The distinction between CSA and OSA can be of particular importance in choosing the management of the sleep apnea and associated diseases. This is especially important in patients with heart failure (HF) or stroke in whom CSA is common and is associated with increased mortality risk. Patients with HF have a very high prevalence of both OSA and CSA. The distinction is important for choosing the appropriate therapy. For example, in OSA, therapy usually consists of Continuous Positive Airway Pressure (CPAP), whereas in CSA the treatment strategy is generally to first treat the underlying HF, and if CSA persists, to use adaptive servo ventilation, oxygen or CPAP. It has also been shown that suppression of CSA by CPAP in HF patients improves the cardiovascular function, and tends to improve survival.
Presently, the standard means of identifying and diagnosing sleep apnea is via overnight polysomnography (PSG), in which the patients have to sleep in a laboratory attached to many monitoring electrodes under the supervision of a technician. PSG is expensive and access to it is limited, resulting in long waiting lists in the limited areas where PSG is available.

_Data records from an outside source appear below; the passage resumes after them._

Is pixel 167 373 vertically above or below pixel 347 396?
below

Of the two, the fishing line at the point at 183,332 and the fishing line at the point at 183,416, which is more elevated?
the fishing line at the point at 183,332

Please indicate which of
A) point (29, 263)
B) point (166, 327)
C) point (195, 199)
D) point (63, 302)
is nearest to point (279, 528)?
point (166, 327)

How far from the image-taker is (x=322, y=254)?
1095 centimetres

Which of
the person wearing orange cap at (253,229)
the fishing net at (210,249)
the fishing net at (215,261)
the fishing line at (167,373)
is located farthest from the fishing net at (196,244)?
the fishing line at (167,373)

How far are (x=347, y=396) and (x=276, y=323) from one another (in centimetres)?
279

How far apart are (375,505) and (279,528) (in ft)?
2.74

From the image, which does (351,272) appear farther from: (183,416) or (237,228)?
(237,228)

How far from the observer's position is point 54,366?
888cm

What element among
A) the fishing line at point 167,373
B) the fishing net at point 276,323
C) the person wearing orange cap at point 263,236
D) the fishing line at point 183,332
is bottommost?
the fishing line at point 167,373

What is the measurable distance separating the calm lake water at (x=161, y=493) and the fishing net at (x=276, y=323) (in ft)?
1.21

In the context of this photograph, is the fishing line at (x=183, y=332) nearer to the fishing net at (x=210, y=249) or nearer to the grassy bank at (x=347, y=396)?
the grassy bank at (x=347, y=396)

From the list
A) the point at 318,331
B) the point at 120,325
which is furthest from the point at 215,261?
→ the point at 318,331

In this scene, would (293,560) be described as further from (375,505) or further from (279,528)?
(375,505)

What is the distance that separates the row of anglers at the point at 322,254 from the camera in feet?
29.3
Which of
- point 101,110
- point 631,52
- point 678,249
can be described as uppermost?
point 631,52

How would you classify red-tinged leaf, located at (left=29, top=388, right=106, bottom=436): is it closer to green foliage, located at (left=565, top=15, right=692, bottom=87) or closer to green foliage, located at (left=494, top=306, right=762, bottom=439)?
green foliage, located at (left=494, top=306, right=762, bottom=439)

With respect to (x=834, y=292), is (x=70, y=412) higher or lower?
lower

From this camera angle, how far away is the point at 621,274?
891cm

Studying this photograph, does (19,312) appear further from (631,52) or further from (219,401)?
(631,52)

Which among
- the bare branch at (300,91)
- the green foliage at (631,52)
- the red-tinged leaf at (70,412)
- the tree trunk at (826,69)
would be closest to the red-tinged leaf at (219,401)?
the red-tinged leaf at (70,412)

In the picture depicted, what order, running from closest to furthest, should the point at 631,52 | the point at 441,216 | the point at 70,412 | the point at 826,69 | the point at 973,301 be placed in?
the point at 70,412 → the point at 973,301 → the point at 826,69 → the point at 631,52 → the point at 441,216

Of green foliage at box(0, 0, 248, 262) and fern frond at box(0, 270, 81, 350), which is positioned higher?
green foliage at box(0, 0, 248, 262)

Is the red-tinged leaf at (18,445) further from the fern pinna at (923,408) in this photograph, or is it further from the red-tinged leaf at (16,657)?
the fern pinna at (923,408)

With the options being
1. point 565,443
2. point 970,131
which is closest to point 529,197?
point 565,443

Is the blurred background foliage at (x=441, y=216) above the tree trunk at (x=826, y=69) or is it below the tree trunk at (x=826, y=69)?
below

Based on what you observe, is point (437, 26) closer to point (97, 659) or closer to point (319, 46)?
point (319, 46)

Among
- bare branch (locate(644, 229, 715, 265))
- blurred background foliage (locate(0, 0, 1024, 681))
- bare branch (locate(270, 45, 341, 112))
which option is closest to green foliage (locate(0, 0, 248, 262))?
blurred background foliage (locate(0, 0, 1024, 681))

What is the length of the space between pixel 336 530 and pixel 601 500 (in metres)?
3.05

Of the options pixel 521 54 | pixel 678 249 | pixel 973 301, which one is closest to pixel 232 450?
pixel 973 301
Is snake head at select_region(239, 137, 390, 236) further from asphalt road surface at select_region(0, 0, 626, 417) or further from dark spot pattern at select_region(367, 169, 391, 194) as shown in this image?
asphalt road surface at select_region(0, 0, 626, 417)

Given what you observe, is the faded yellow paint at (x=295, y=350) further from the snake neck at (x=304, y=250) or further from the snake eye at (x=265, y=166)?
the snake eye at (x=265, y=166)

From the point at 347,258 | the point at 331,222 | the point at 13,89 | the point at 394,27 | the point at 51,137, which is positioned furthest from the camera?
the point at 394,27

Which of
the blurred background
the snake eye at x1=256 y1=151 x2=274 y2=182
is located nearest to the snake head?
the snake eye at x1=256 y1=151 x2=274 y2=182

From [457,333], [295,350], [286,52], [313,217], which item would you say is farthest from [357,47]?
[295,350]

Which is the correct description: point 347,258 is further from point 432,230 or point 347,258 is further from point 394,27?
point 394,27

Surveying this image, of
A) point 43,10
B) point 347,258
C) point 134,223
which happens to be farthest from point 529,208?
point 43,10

For this reason, interest has been raised in devising new methods to diagnose sleeping disorders, such as SA. For example, acoustic analysis of respiratory sounds has gained an increasing role in the study of respiratory disorders such as in identifying pathological respiratory sounds including wheezes and crackles, and to study and locate the site of snoring. In some sleep studies, snoring sounds were captured above the mouth level, as were tracheal sounds, to study snoring, particularly as snoring is a component of the disease itself and is produced at the very location where narrowing and obstruction takes place.
Despite recent findings, snore-driven techniques have fundamental limitations from the clinical perspective. For instance, snoring does not necessarily occur in all types of SA, such as in CSA. Furthermore, snore-driven techniques generally fail to assess the severity of an identified condition. For example, while snoring is a hallmark of OSA, it might not necessarily take place with each apnea and hypopnea. Accordingly, assessing the disease severity in terms of frequency of apneas per hour might be underestimated if some apneas are missed due to absence of snoring, for example. As knowledge about the disease severity can be beneficial in selecting an appropriate treatment strategy, snore-driven techniques can be less than ideal.
Accordingly, while some work has been done to detect the occurrence of OSA from snoring sounds, there remains much room for improvement, be it in the development of a reliable technique for differentiating between OSA and CSA occurrences, or identifying CSA altogether, and/or for evaluating the severity of such occurrences. Demand is also increasing for reliable apnea identification, characterization and/or diagnostic techniques that can be accessed by a wider base of the population, for example as compared to the technician-assisted PSG techniques currently implemented in dedicated sleep laboratories.
Therefore, there remains a need for new breathing disorder identification, characterization and diagnosis methods, devices and systems that overcome at least some of the drawbacks of known techniques, or at least, provides the public with a useful alternative.
This background information is provided to reveal information believed by the applicant to be of possible relevance to the invention. No admission is necessarily intended, nor should be construed, that any of the preceding information constitutes prior art against the invention.